Source information:
───
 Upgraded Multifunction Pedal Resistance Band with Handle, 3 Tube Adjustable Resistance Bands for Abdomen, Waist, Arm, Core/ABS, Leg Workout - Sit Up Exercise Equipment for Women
───
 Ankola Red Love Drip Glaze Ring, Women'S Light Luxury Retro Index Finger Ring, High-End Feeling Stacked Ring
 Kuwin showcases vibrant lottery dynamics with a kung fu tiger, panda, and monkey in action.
───
What to work on: Your answer should be the exact lines above from the one with "Ankola Red Love" through the one with "Kuwin showcases vibrant", both included, and nothing besides.

Answer:
 Ankola Red Love Drip Glaze Ring, Women'S Light Luxury Retro Index Finger Ring, High-End Feeling Stacked Ring
 Kuwin showcases vibrant lottery dynamics with a kung fu tiger, panda, and monkey in action.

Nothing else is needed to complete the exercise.